C’era
un piccolo fast-food dove vendevano le solite merdate che mangiavano gli inglesi,
vicino all’ostello dove dormivo a Londra e quando tornavo di notte, ubriaco e
affamato, mi fermavo lì, a divorare un
hamburger con patatine. C’erano alcuni arabi che preparavano i panini e il
luogo era asettico e anonimo ma loro erano molto gentili e mi servivano sempre
anche quando stavano per chiudere, poi me ne andavo all’ostello, scendevo al
bar e continuavo a bere birra, sidro o cocktail, poi mi sdraiavo su un
materassino fino a quando gli occhi non mi si chiudevano.
Credo
di non aver parlato con nessuno in quei giorni, mi limitavo a osservare gli
altri, passavano, venivano, ragazzi di tutto il mondo, non me ne fregava
niente, tornavo nella stanza da dieci persone, il sibilo dell’aria condizionata,
il caldo, mi buttavo sul letto, mi addormentavo, sognavo, vivevo in altri
luoghi, mi svegliavo, mi riaddormentavo, strani incontri, bizzarri personaggi.
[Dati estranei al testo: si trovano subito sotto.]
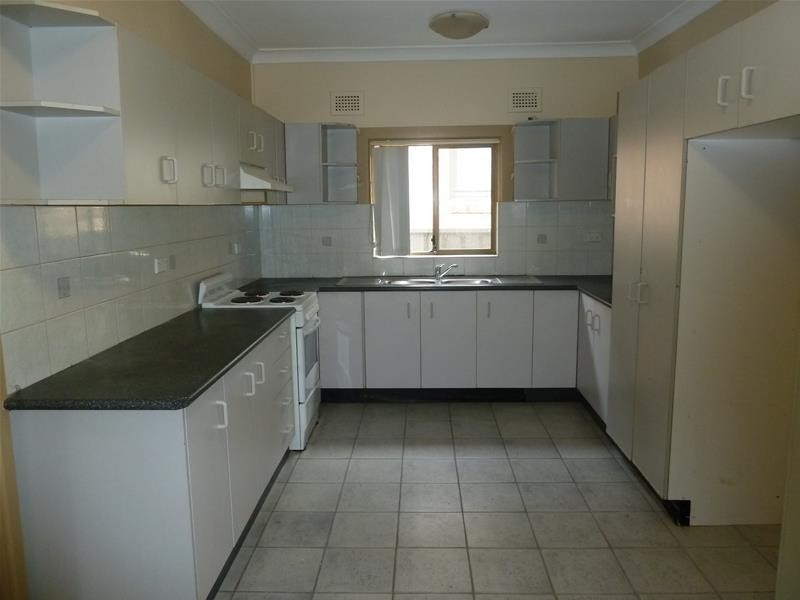 9 Lima Street, Greenacre NSW 2190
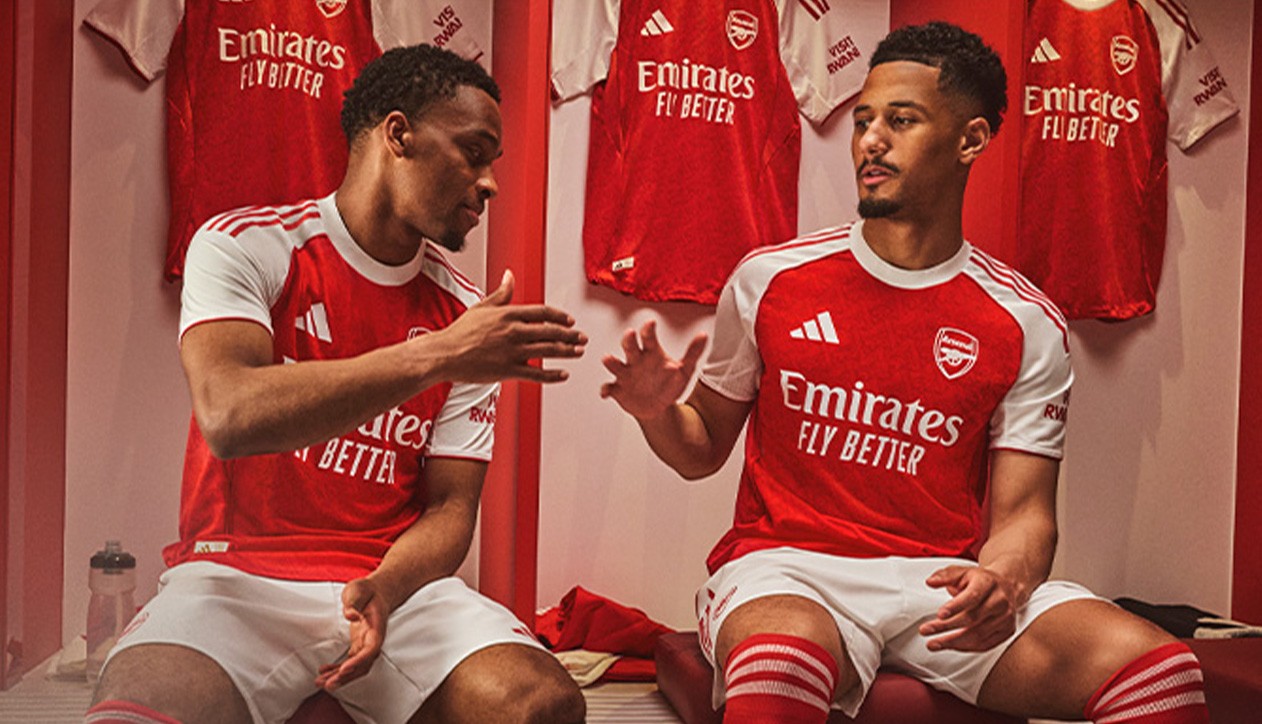 Eerste blik op het Arsenal 25/26 thuisshirt: terug naar de basis met een gotische twist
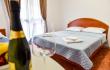 Loka, soba 5 s teraso in kopalnico v apartmani Loka, zasebne nastanitve v mestu Sutomore, Črna gora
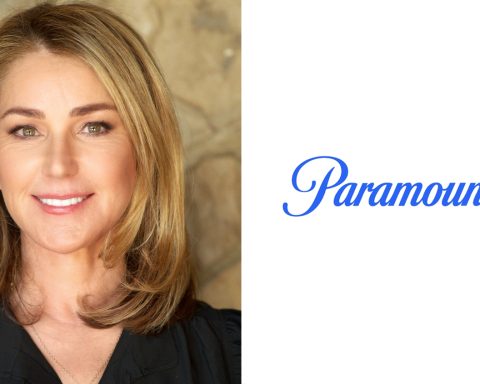 ‘Frasier’: Peri Gilpin Reprising Roz Role In Paramount+ Sequel Series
Poi di nuovo fuori, per le strade, a vagare, i musei, le architetture che si
trasformavano in premonizioni e geometrie mentali e un senso di desolazione, in
alcuni momenti e la solitudine e i ricordi e il sonno, quando mi sentivo stanco
e cercavo un posto dove riposarmi, una panchina, ancora, dove stendermi, la
luce tra le nuvole, le visioni di un vagabondo, la stanza buia di un cinema, le
poltrone accoglienti.
I
volti deformi all’interno di una galleria, le linee come gabbie intorno ai loro
corpi, i colori scuri, inquietanti, torbidi, le stanze in cui non vorresti mai
trovarti, le forme di un incubo che cola dalle tele, le urla mute, gli sguardi
che creano prigioni, le deviazioni psichiche possibili solo all’interno di un
mondo di desolazione e astinenza.
Dietro
le tende, nascoste, le creature ghignano e strisciano lungo le pareti, una mano
che scuote la spalla curva di un vecchio, il sorriso senza denti che brilla nel
buio, le mosche che si posano su un cadavere di cenere.